The issue whether to continue or delay immunotherapy during the coronavirus outbreak is crucial, since these agents may be detrimental in the case of virus-related pneumonia, but at the same time they are quite effective and potentially curative in cancer, especially in melanoma. A multicentric registry should be strongly encouraged to understand the impact of the COVID-19 infection on cancer patients and in particular on patients undergoing immunotherapy, and to identify the risk factors for poor outcome.
Conclusion
The COVID-19 pandemic represents a unique challenge but also a learning opportunity. The complex immune responses for patients on immunotherapy treatment against noncancer antigens are largely unknown and giving an incorrect interpretation is a possibility.

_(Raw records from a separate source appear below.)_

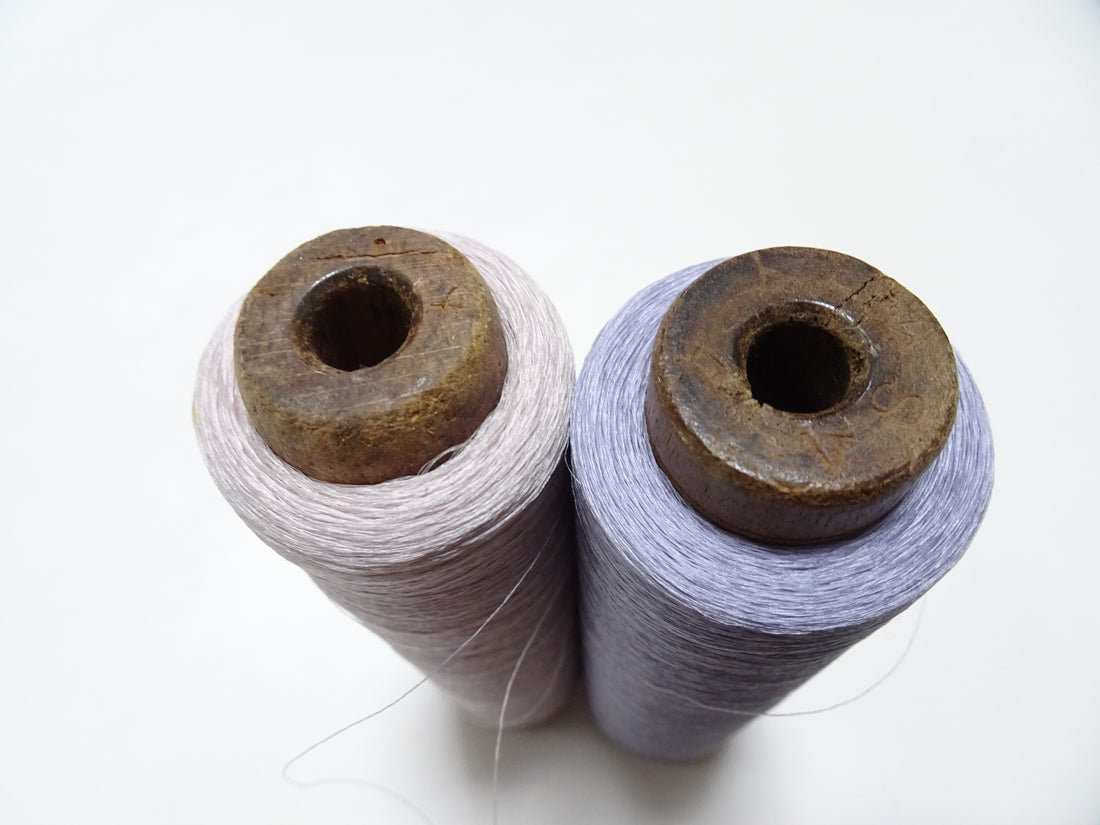 Japanese Vintage Silk Thread & Woodn Spool 2sets Embroidery 18736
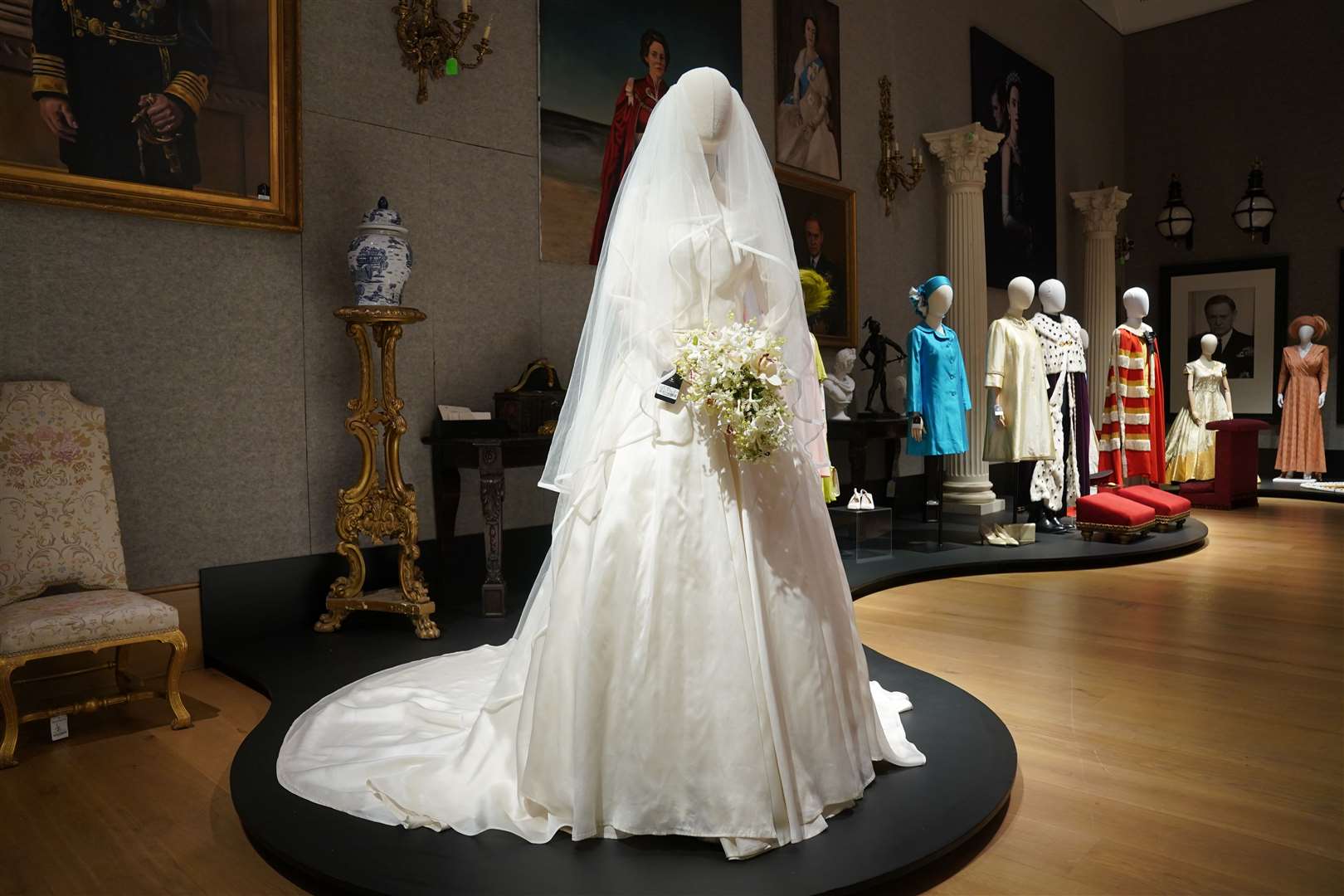 A replica of Princess Margaret’s wedding dress (Lucy North/PA)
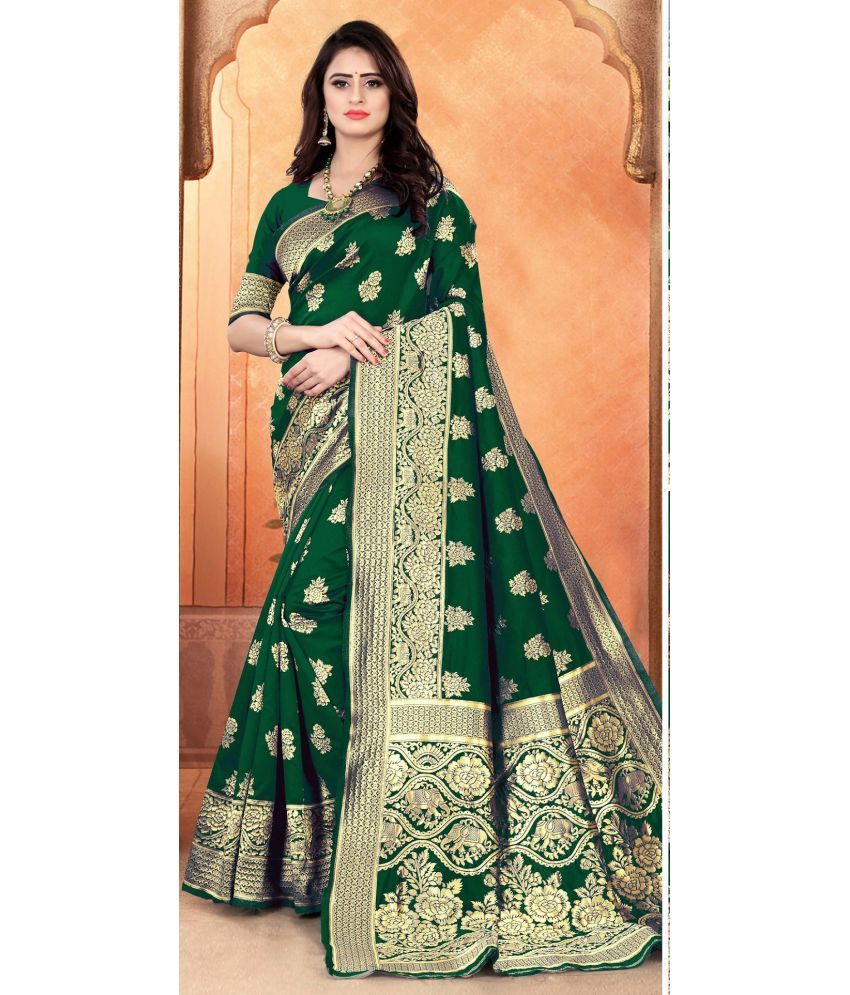     			Vastukala Art Silk Solid Saree With Blouse Piece ( Green , Pack of 1 )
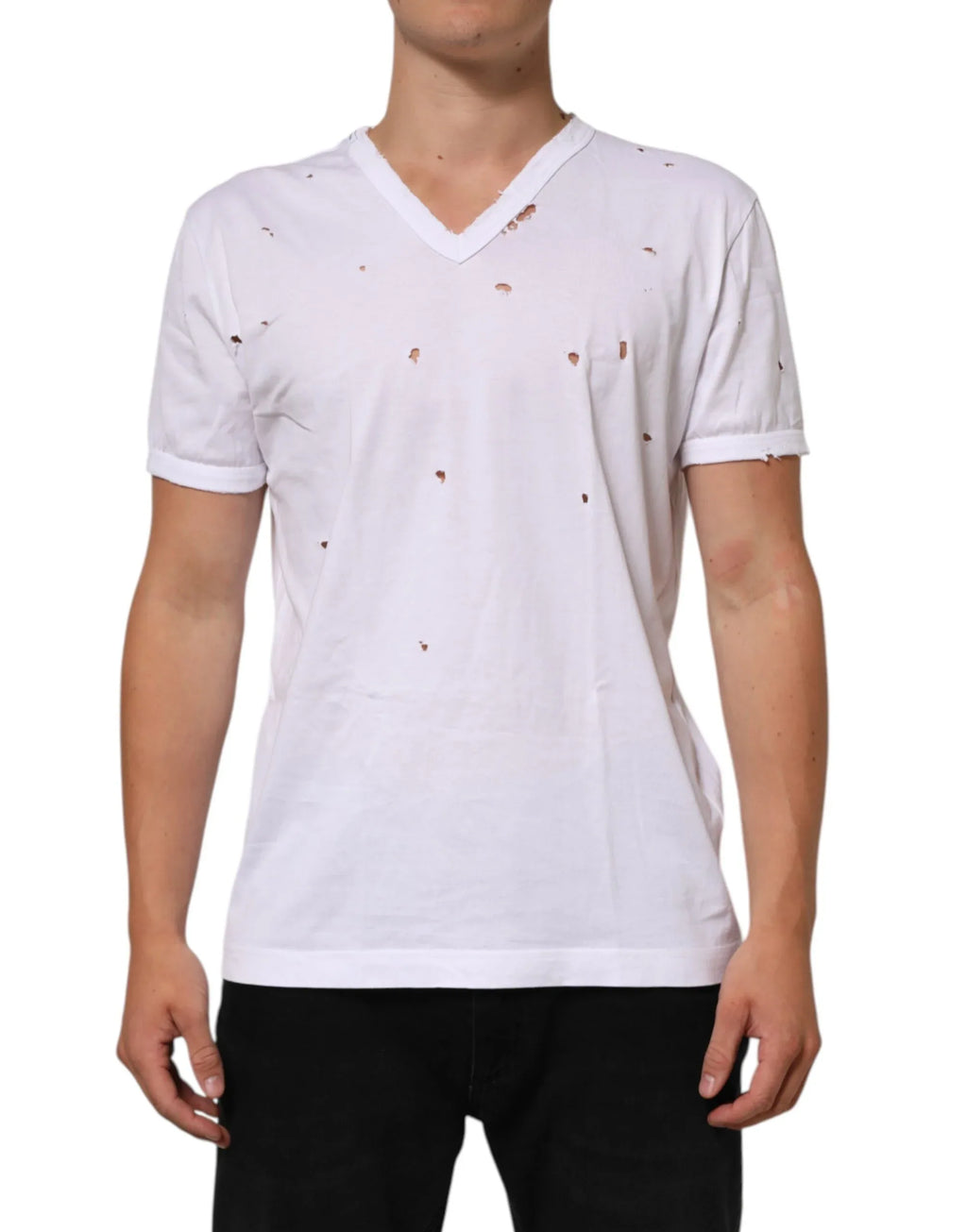 Dolce & Gabbana White Distressed Cotton V Neck Men T-shirt - Zeiniez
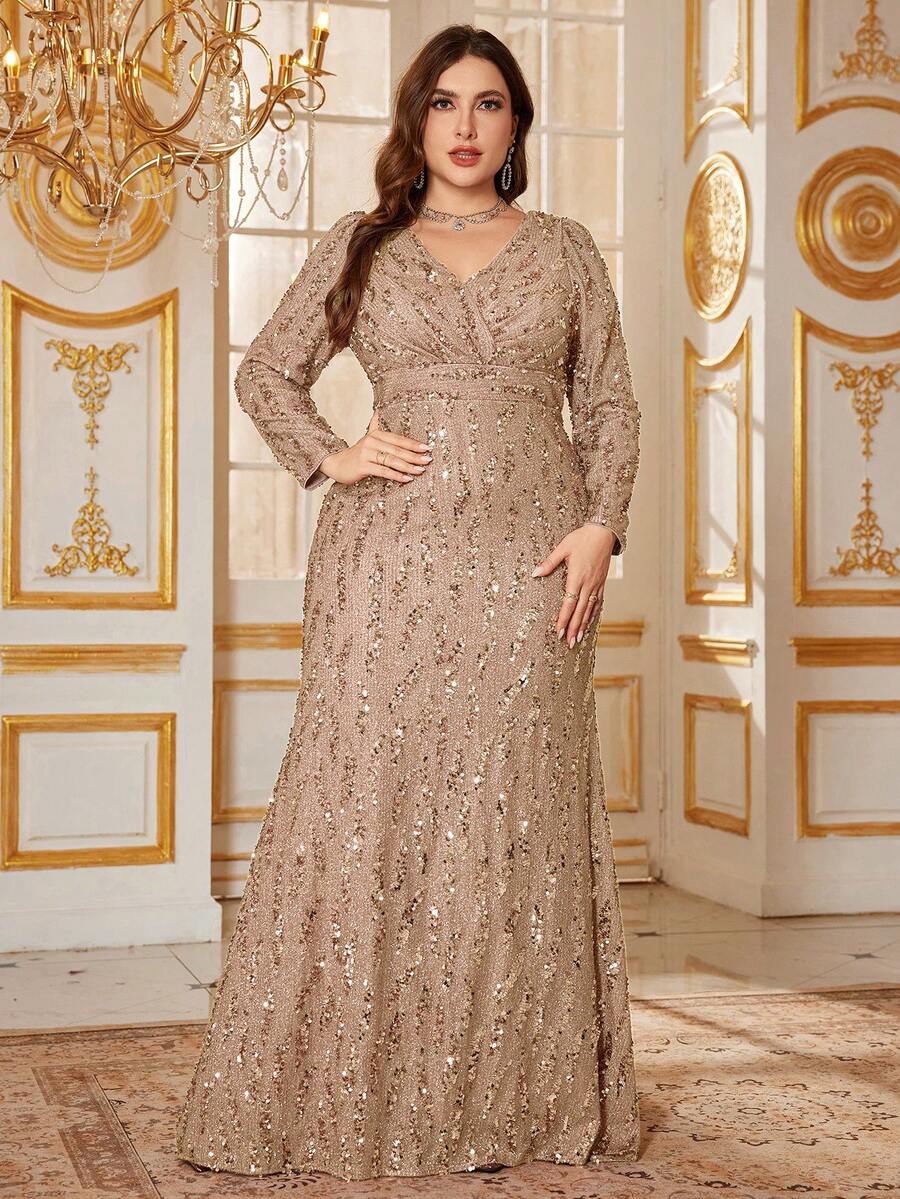 UNITHORSE Women Plus Size Formal & Evening Elegant V-Neck Sequin Long Sleeve Pleated Front Waist Fitted Sparkly Long Dress, Bride Dress, Birthday Women Outfits, Graduation Dress, Fall Women Clothes - 香檳色 - 查看 1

ICIs have only minimally been studied in human infectious diseases; therefore, it is not excluded that they may soon revolutionize the treatment against infectious agents, including COVID-19. Unfortunately, in the era of ICIs, the clinical advances in the oncology field are yet to be matched with those in the infectious, but there are broad perspectives for investigations and developments in future.
Financial & competing interests disclosure
The authors have no relevant affiliations or financial involvement with any organization or entity with a financial interest in or financial conflict with the subject matter or materials discussed in the manuscript. This includes employment, consultancies, honoraria, stock ownership or options, expert testimony, grants or patents received or pending, or royalties.
No writing assistance was utilized in the production of this manuscript.